La médecine de l’adolescent a vu le jour dans les années 1960 sous l’impulsion de la pédiatre Iris Litt, en réponse aux spécificités, tant physiques que psychologiques, des adolescents. Vingt ans plus tard, les Prs Philippe Jeammet et Patrick Alvin figurent parmi ceux qui introduisent la discipline au sein des hôpitaux français. Une greffe qui a bien pris, au vu des Maisons des Ados qui fleurissent dans nos départements.

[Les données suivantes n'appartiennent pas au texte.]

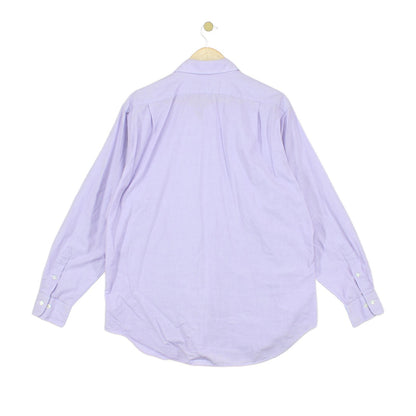 Mens Shirt Classic Fit Long Sleeve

Savoir-faire et savoir-être

Qu’est venu apporter cette discipline hybride, mi-somatique mi-psychique ? « Un savoir-faire technique, mais surtout un savoir-être », énonce le Pr Daniel Marcelli, pédopsychiatre. Il y a près de 25 ans, ce spécialiste créait le D.I.U. « Médecine et Santé de l’Adolescent ». Aujourd’hui, le succès de cette formation transversale ne se dément pas. « Cet intérêt tient à son aspect transdisciplinaire, et à la présence permanente d’un enseignant qui fait le lien entre chaque cours », précise le Pr Marcelli. « Lien » semble être le mot d’ordre de la médecine de l’adolescent : lien entre les disciplines et lien avec le patient. « Il faut savoir tisser une alliance de soin avec l’adolescent », avance le pédopsychiatre. Car ce qu’un adolescent cherche avant tout c’est la rencontre, avec une personne entière, qui le considère suffisamment pour l’inciter à s’engager. « Si on ne regarde que sa part malade, c’est la porte ouverte aux désenchantements », avertit Daniel Marcelli. Il ajoute : « Cette attitude n’est pas évidente, car elle prend le contre-pied de la médecine technique qui nous a été enseignée. C’est pourquoi cette sous-branche est indispensable. Si on se réfugie dans les aspects techniques, l’ado risque d’être malmené ». Autre exemple à ne pas suivre : se substituer aux parents. S’il peut être tentant de « remonter les bretelles » à un ado qui ne prend pas son traitement, cette attitude est fortement déconseillée. « Quand on joue au flic, les patients jouent aux délinquants », fait remarquer le Pr Marcelli.

Non-dualité

Fréquemment observé, le manque d’adhésion d’un adolescent à son traitement reflète son hostilité à l’égard de sa maladie, et de son corps plus généralement. À trop se concentrer sur sa maladie, l’on risque de renforcer ce clivage. Pour le pédopsychiatre, « la médecine de l’adolescent est un art. L’art de montrer à l’ado qu’on a un souci de soin pour lui, avant que ce dernier ne le considère comme sien ». Le temps et l’alliance thérapeutique, indispensables à la prise en charge d’un adolescent, lui permettront petit à petit de s’approprier la maladie. Bien sûr, sur le fond de cette rencontre, la qualité des soins techniques ne doit pas être oubliée. Là encore, la médecine de l’adolescent justifie son intérêt des changements physiologiques majeurs du corps adolescent. L’on sait, par exemple, que la puberté induit une insulinorésistance. Ce qui complique la prise en charge des jeunes diabétiques, dont le déséquilibre glycémique ne tient pas, uniquement, au manque de compliance. « On préjuge que l’ado fait n’importe quoi avec son diabète, mais c’est parfois le diabète qui a tendance à faire n’importe quoi ! », expose Daniel Marcelli.

Tiers précieux

Particulièrement indiquée dans la prise en charge des maladies chroniques, ou aux prises en charges prolongées, la médecine de l’adolescent a aussi un intérêt en médecine quotidienne. À un âge où le patient ne supporte plus de se faire soigner par ses parents, le médecin généraliste a un rôle « extrêmement précieux », selon les termes du Pr Marcelli. Un rôle de tiers en quelque sorte. Dans cette période de vulnérabilité, « être au plus près de l’adolescent, et éviter par petites touches que l’adolescent ne sombre dans les excès peut être très bénéfique ». Le médecin de l’adolescent est en quelque sorte « un médecin généraliste qui ouvrirait la relation de soins à l’ensemble de la personne qu’il a en face » résume le Pr Marcelli. Un idéal que l’on pourrait étendre à tous les âges de la vie, « mais l’idéal n’est pas de ce monde » et, il est peu rentable de surcroît.